Grange would return in his original 20th century run in Billy the Cat and Katie. Illustrated by Sandy Calder, Grange is joined by his cousin Kathleen, whose parents are visiting the United States and is sent to stay with him until they return. She is made Katie the Cat (sometimes Katie Cat) with an identical uniform, and identical abilities and gadgets. The stories had two series that finished Billy the Cat's 20th century sagas, ending in issue 1677. The second was the only serialised story Billy the Cat would have in the magazine, in which Kathleen and William go on a school trip cruise.

=== Subsequent appearances ===
==== The Beano ====
The superhuman vigilante did not stop featuring in the Beano franchise after he disappeared in 1974. The Billy the Cat stories have featured frequently in The Beano Annual from since 1969. 2008's edition was a notorious three-part story where Billy the Cat discovers the antagonist is General Jumbo, mind-controlled by his army model Private Pike. 2010's edition featured William the Cat, a similar-themed superhero strip set in the Victorian era, revealed to be Grange's imagination during a school trip to a museum. He and Katie Cat joined 253 characters on a double-page spread in 2019's annual in celebration of the 80th anniversary.

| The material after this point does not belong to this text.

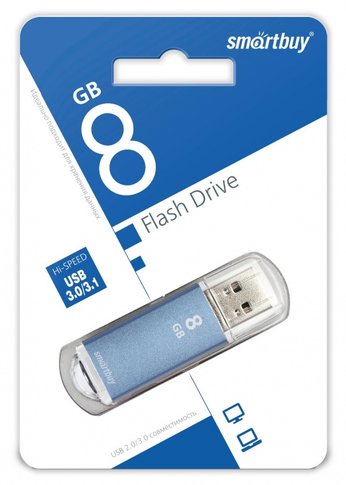 Флеш диск 8Gb Smartbuy V-Cut SB8GBVC-B USB2.0 синий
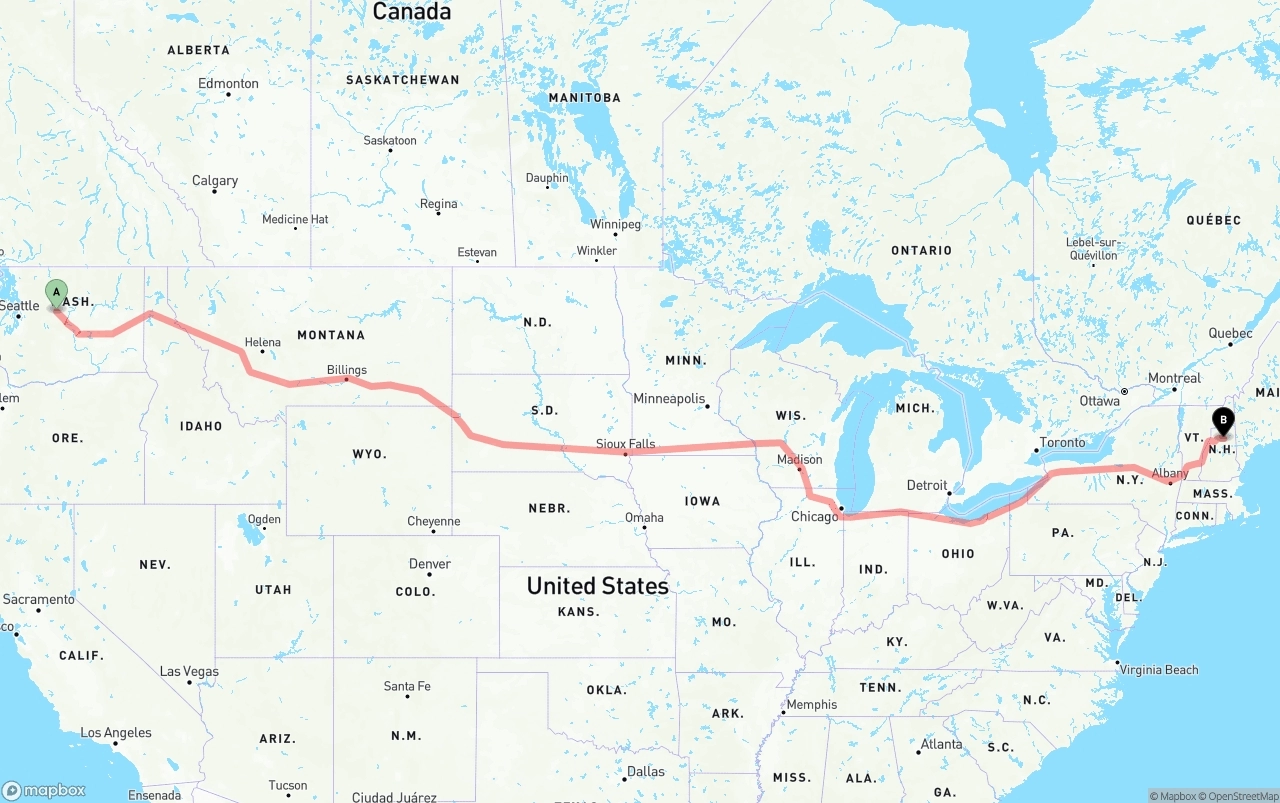 Shipping route from Washington to New Hampshire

He also appeared in The Beano Summer Specials of 1968, 1970, 1972, 1973, and 1988.

==== DC Thomson ====
Grange's series has been revived frequently throughout DC Thomson's history, notably showing him in other stages in his life. Although Grange (and cousin Kathleen)'s age was never specified, Buddys Billy the Cat series depicted him as looking notably older, possibly his late teens, and the story relocated to Marham, finishing in issue 128.

In 2013, The Digital Dandys shared universe story Retro Active featured Kathleen in her Katie Cat persona joining the superhero team, and an adult William had a supporting role, revealing he was now a police officer in charge of the force's Costumed Crime Division. Years before, Billy the Cat appeared in The Dandys Comic Cuts section between November 1986 and March 1988.

A reprint featured in issue 171 of Classics from the Comics along with other reprints from several superheroes by DC Thomson.

== Reception and legacy ==
Billy the Cat and his series was popular enough to be passed amongst DC Thomson's children's magazines. However, readers became curious about Grange's history before his parents' deaths. Former reader David Carman wrote online fanfiction to give William and Kathleen an (unofficial) origin story, which DC Thomson approved.